[Task description]: Restate word for word the lines below from the one that has "Hi there coffee" through the one that has "If you know", keeping both and dropping all pictures.

BEGIN

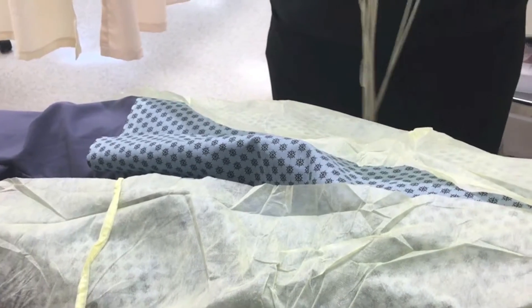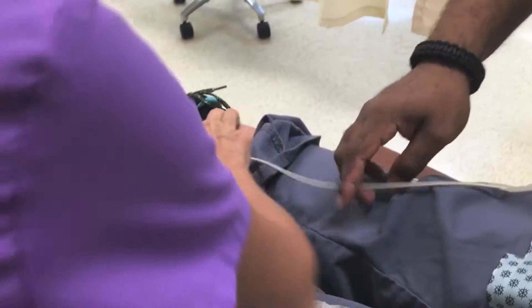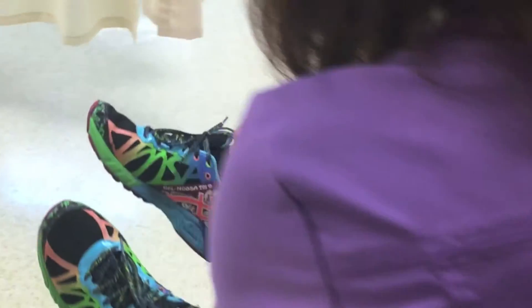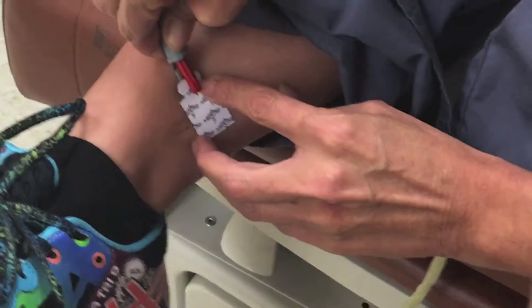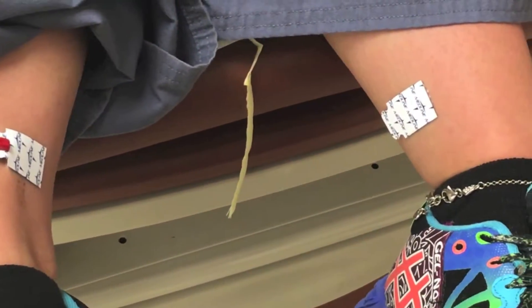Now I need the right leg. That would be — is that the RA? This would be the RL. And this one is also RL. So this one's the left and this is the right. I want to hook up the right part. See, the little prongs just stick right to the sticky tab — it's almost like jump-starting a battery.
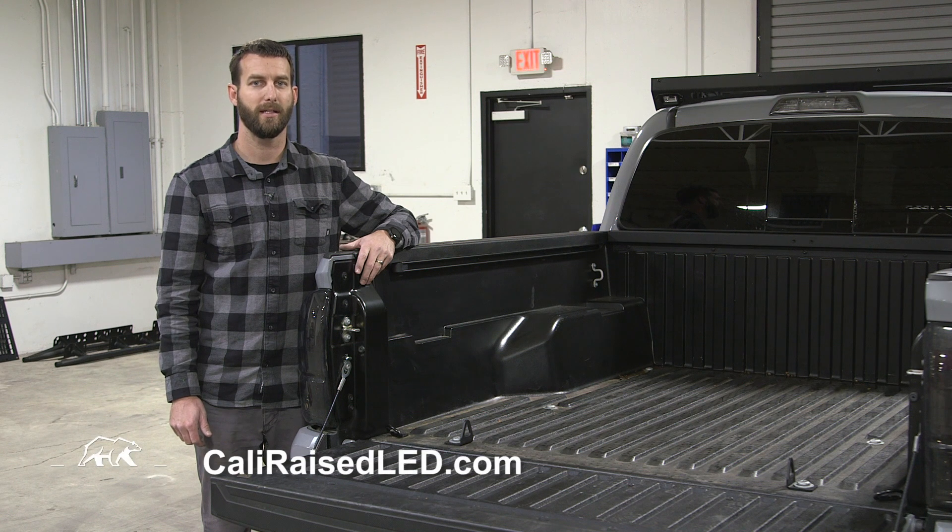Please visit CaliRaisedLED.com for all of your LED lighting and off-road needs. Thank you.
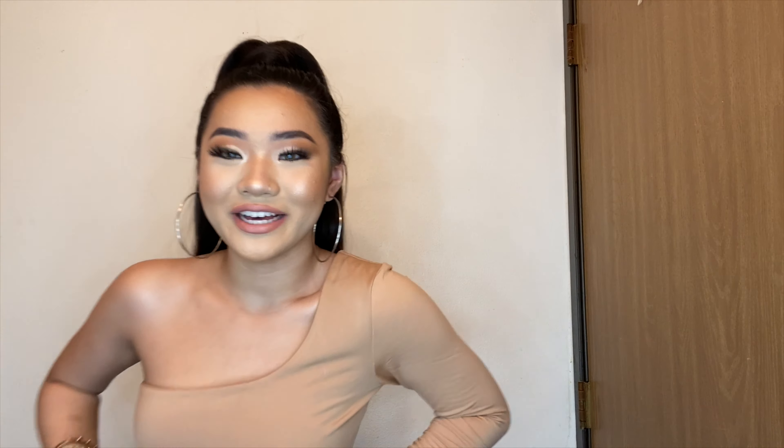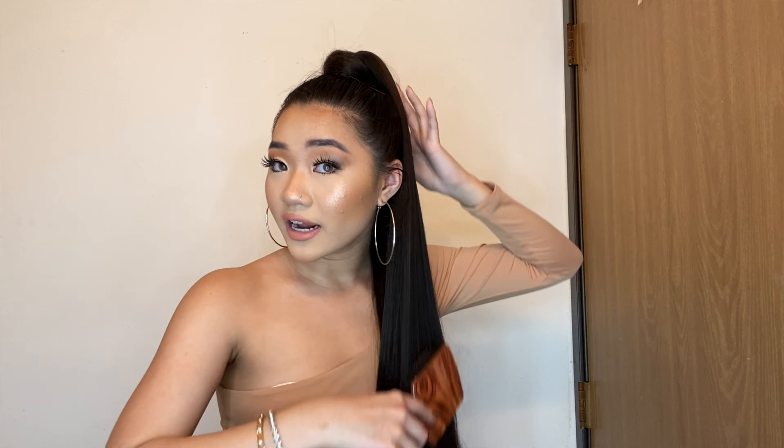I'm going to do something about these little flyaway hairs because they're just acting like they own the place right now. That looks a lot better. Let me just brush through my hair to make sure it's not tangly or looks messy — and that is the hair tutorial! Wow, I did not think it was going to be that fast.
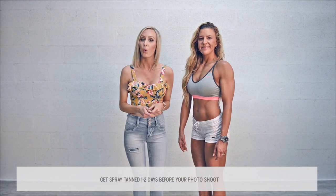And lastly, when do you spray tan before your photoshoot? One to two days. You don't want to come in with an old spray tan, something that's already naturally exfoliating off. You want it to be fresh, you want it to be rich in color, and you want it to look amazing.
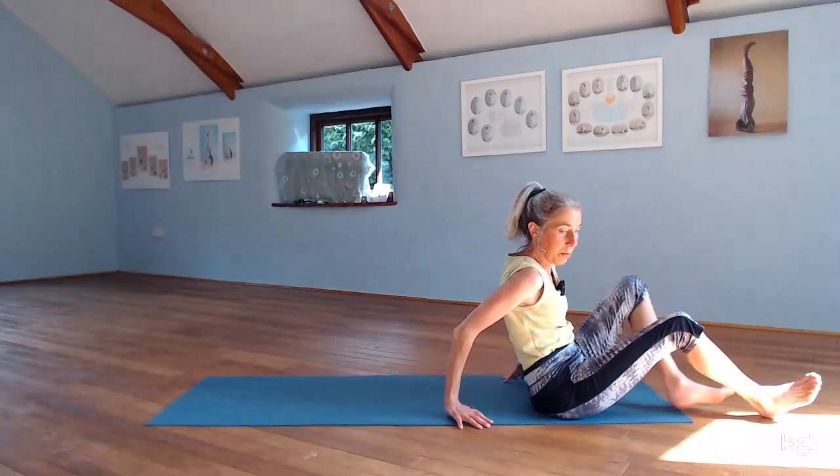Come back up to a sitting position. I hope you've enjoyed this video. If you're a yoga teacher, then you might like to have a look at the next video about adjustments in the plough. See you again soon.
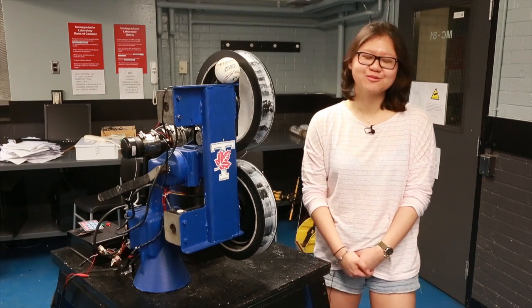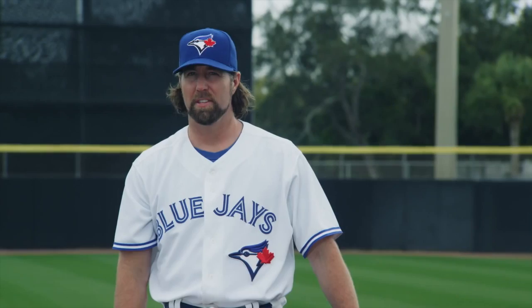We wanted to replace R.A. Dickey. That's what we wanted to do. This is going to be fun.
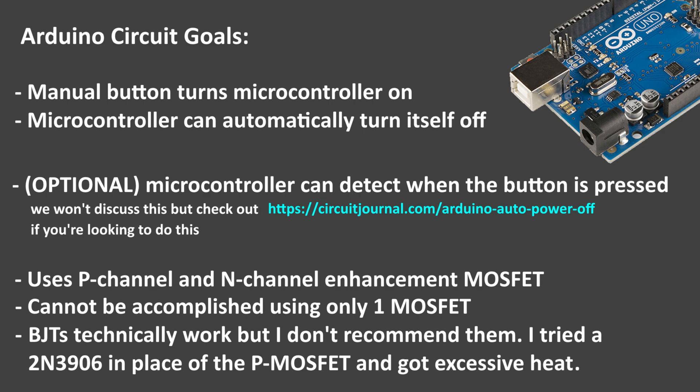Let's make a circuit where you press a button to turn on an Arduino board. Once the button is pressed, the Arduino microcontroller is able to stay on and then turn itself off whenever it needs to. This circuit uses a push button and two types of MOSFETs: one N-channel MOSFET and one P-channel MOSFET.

END
BEGIN

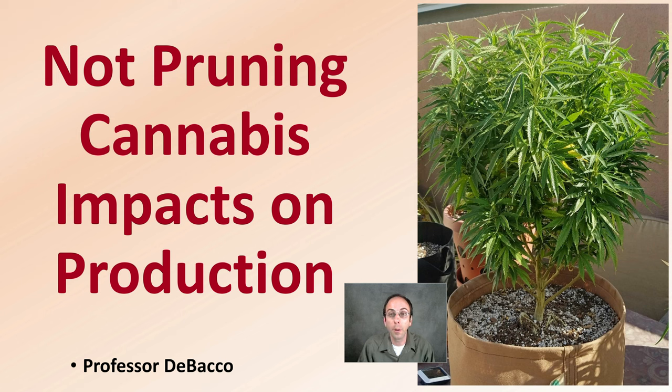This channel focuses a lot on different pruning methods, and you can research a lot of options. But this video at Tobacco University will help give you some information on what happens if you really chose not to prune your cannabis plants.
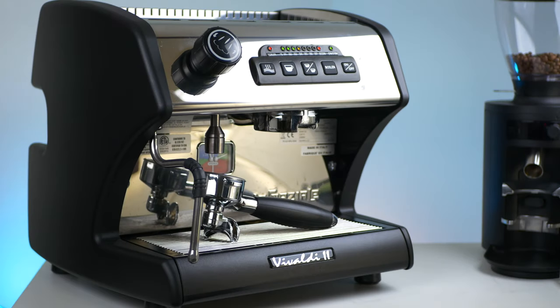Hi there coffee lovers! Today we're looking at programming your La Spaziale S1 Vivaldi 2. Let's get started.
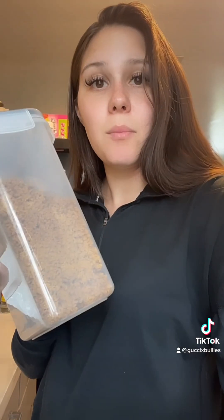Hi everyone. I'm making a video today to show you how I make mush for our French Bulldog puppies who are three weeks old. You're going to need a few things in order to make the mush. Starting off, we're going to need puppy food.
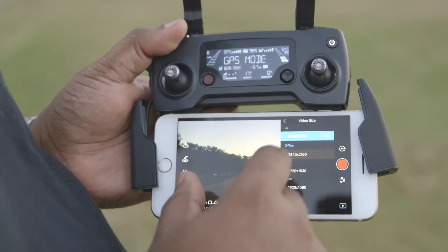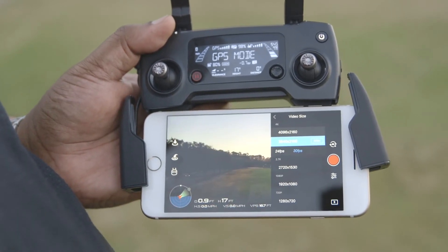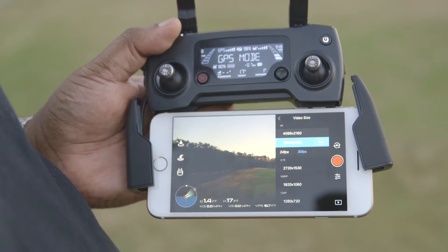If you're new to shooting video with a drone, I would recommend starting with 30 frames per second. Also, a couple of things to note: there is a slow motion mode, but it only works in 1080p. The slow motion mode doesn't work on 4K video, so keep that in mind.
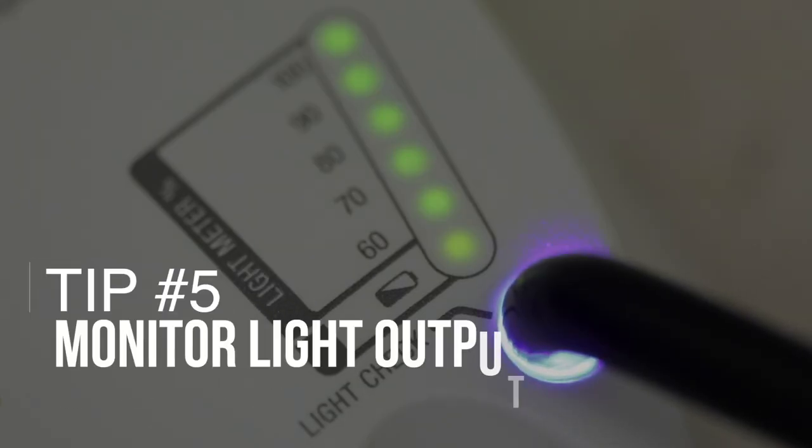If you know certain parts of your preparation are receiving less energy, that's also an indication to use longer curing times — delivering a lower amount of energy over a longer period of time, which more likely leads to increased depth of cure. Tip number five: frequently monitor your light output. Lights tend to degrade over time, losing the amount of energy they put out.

END

[Problem solution]:
Hi there coffee lovers! Today we're looking at programming your La Spaziale S1 Vivaldi 2. Let's get started.
Hi everyone. I'm making a video today to show you how I make mush for our French Bulldog puppies who are three weeks old. You're going to need a few things in order to make the mush. Starting off, we're going to need puppy food.
If you're new to shooting video with a drone, I would recommend starting with 30 frames per second. Also, a couple of things to note: there is a slow motion mode, but it only works in 1080p. The slow motion mode doesn't work on 4K video, so keep that in mind.
If you know certain parts of your preparation are receiving less energy, that's also an indication to use longer curing times — delivering a lower amount of energy over a longer period of time, which more likely leads to increased depth of cure. Tip number five: frequently monitor your light output. Lights tend to degrade over time, losing the amount of energy they put out.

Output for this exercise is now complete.